I was met by James, an ex-Oregonian, who has lived here for six years and manages properties for Americans. He showed me the house, which is spectacular. The view is out of this world, with a sunswept balcony overlooking the city, and two levels — a bedroom downstairs and a full kitchen and living room upstairs, plus two bathrooms and even a rooftop terrace with a washer and dryer. The house is tastefully decorated with Mexican art and furnishings. All this for the price of a Motel 6 in the USA.

But the cleaning lady still had to come and clean, so I had a few more hours to kill before moving in. I headed down into town (a MUCH easier walk going downhill) and did some more wandering around the city. I found the University and the movie theater and more hidden parks and plazas. Plus more grocery stores and other niceties that I’ll be availing myself of.

I also found myself to be very hungry. Luckily, I wandered past a tortilleria and got a stack of five hot tortillas, fresh out of the tortilla machine (yes, there’s a tortilla machine — and yes, you could totally film an episode of I Love Lucy with it). I ate the five tortillas in approximately three seconds. 

After that it was back up the hill to the house (pant pant) for a little rest before heading out for a concert at historic Teatro Juárez.

Built from 1872 to 1897, and finally inaugurated in 1903, Teatro Juárez is just spectacular. Outside, it’s a mishmash of Greek and Roman. Inside, it’s all reds and golds, ornate woodwork and texturing, with four balconies, hardwood floors and an intimate feel despite having a large capacity.

The concert was guitarist Paco Rentería and his seven piece band. It’s one of the best concerts I’ve ever been to. Paco is an amazing guitarist and showman, a mix of Carlos Santana, Eddie Van Halen and Jack Black. He showed off innumerable techniques, from simple to flashy, and equal ability to go big or go intimate. He’s also quite the talker, sharing his thoughts on love for humanity, fellow man and (especially) fellow woman. At one point, before playing a love song, he encouraged everyone in the audience to kiss their spouse, boyfriend/girlfriend, or anyone they could find in the room. (I got this from the Spanish … I rock.)

Rentería has dubbed his style of music “Free Play,” which means it’s a melange of Latin, Pop, Jazz, Salsa and good old American standards. After opening with a number of high energy Latin songs (he wrote music for the Antonio Banderas/Salma Hayek movie Desperado), the band went into an overlapping medley of Latin-flavored popular music, seamlessly morphing from Beat It into Dust in the Wind to Johnny Cash to Save Tonight and on and on. At one point, Paco and the violinist engaged in a duel to see who could player higher, faster or throw out a riff that the other couldn’t match. When the violinist played a particularly impressive piece, Paco answered on guitar with the theme from Close Encounters, and the violinist responded with the melody from X-Files.

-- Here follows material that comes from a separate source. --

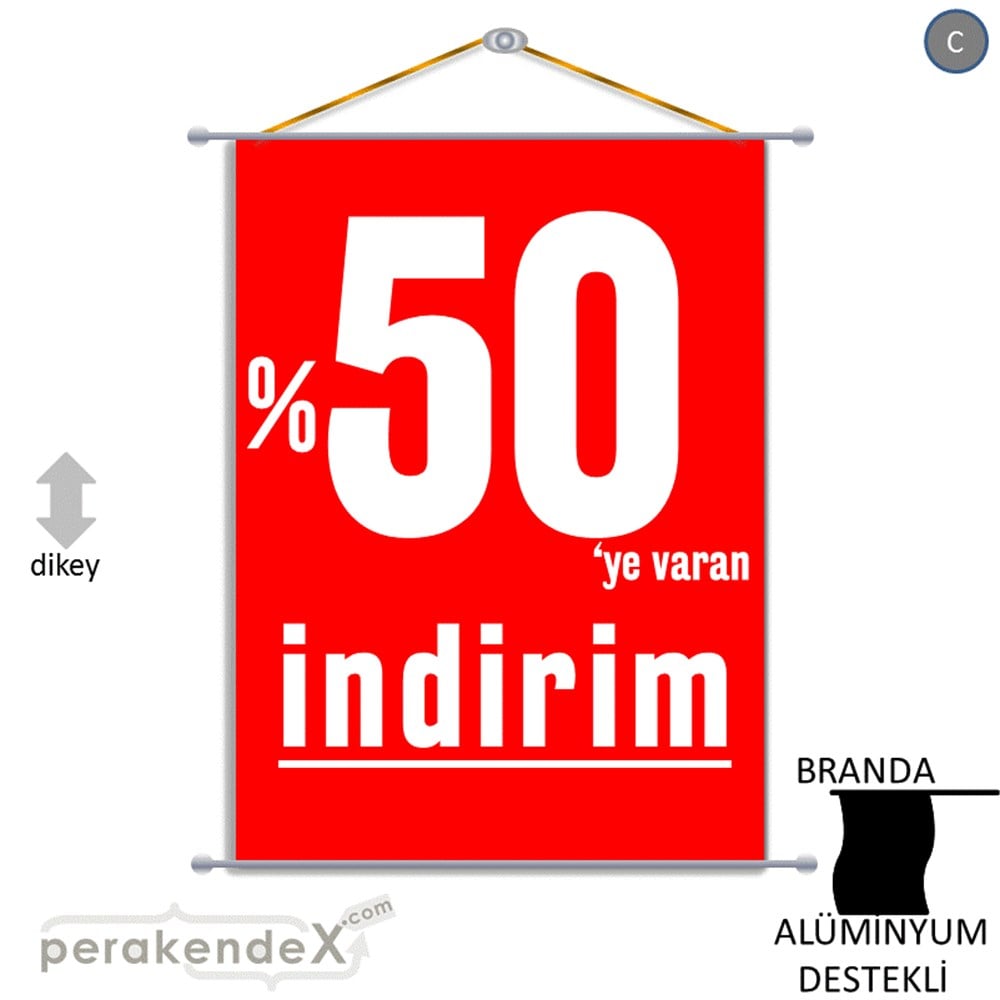 yüzde 50 ye varan indirim BRANDA AFİŞİ -dikdörtgen,tek yön baskı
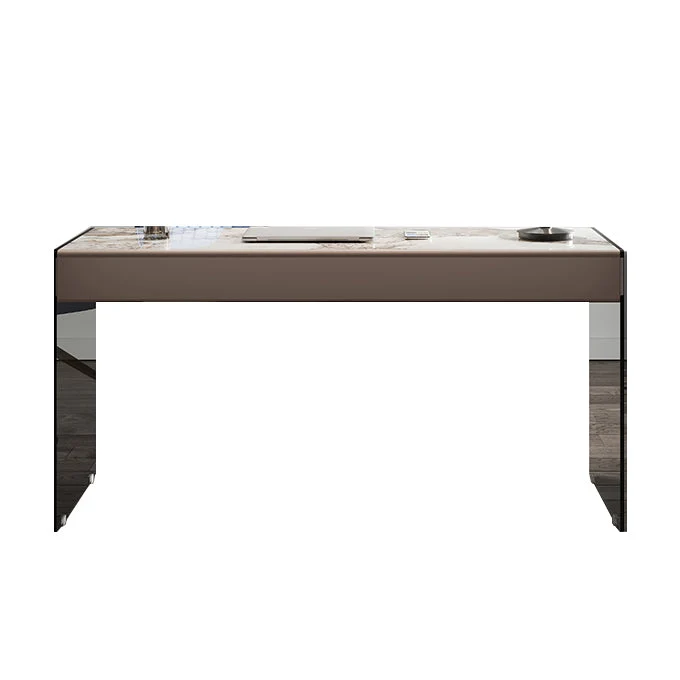 Bureau de bureau moderne à 3 tiroirs, bureau rectangulaire de 23,62 po avec base en verre Clearhalo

After an hour and three quarters they were called back for an encore, which started with a beautiful, spare love song played solo by Rentería, and then a few more bouncy Latin numbers with the whole band. It was two-plus hours of sheer joy, technical mastery and foot-stomping goodness.

After the concert it was time for a late dinner in a restaurant off the Plaza Jardín, then a stroll back up to the house and welcome bed to rest my weary legs.